Bloomberg columnist Jeffrey Goldberg argues that Alice Walton's new Crystal Bridges Museum is "a moral tragedy" and a "compelling symbol of the chasm between the richest Americans and everyone else." He says the museum was built on "the exploitation" of the Wal-Mart employees "whose sweat pays for her paintings." He objects to Walton's "priorities": she "has the influence to help Wal-Mart workers, especially women, earn more money and gain access to affordable health care," but instead uses her wealth to buy art for the museum.
Reuters' Felix Salmon has a good response here, under the headline "How Alice Walton has improved America." He says, first of all, that the "sneer[ing]" Goldberg is looking a gift horse in the mouth:
"It’s not clear that Alice Walton does have a lot of influence within Walmart’s senior managerial ranks. Could Walton really help Wal-Mart’s workers earn more money and get better healthcare? Maybe she could; I’m not convinced. But here’s the thing: in what way does building a beautiful museum prevent her from doing just that? The only way, it seems to me, is if we’re in some kind of a zero-sum game, here, where the alternative to building the museum would be for Walton to take the money she would otherwise have spent on Crystal Bridges, and give it directly to Walmart workers."

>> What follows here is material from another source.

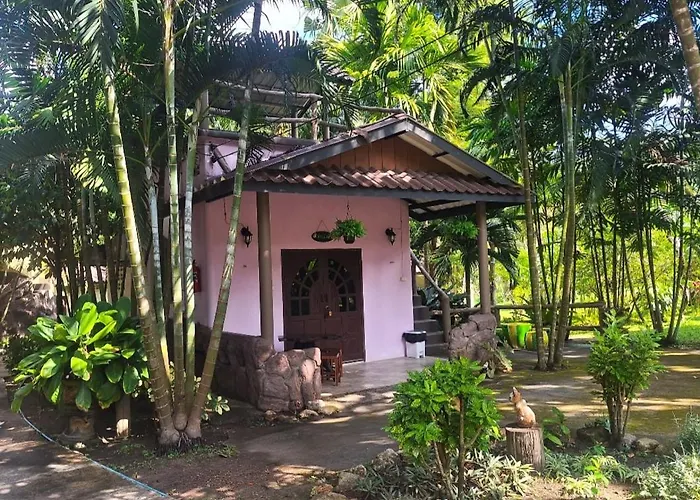 รีสอร์ท บ้านกาแล *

And he says Walton's "impulses and her museum are admirable, whatever you think of Walmart":
"Walmart is a public company, now — it’s owned by hundreds of thousands of individual and institutional shareholders. ...Walmart has been good to Alice Walton, and she’s giving back to Bentonville and to America by building a fine museum in a part of the country which is relatively starved for cultural goodness. ... Well done to [Walton] for making that happen. Arkansas is a better place, now, thanks to Crystal Bridges, and Walton deserves our thanks. Not brickbats."
Judith Dobrzynski is with Salmon:
"Unlike many others in the art world, I have always believed that Walton was doing a good thing, bringing art to an area that sorely lacked the real thing. I have never understood the logic of those who complained about her efforts, as if non-city-dwellers should be content to travel to see art, and then, at the same time, argued for bigger government budgets for art .... I have no problem with the fact that she bought Kindred Spirits from the New York Public Library."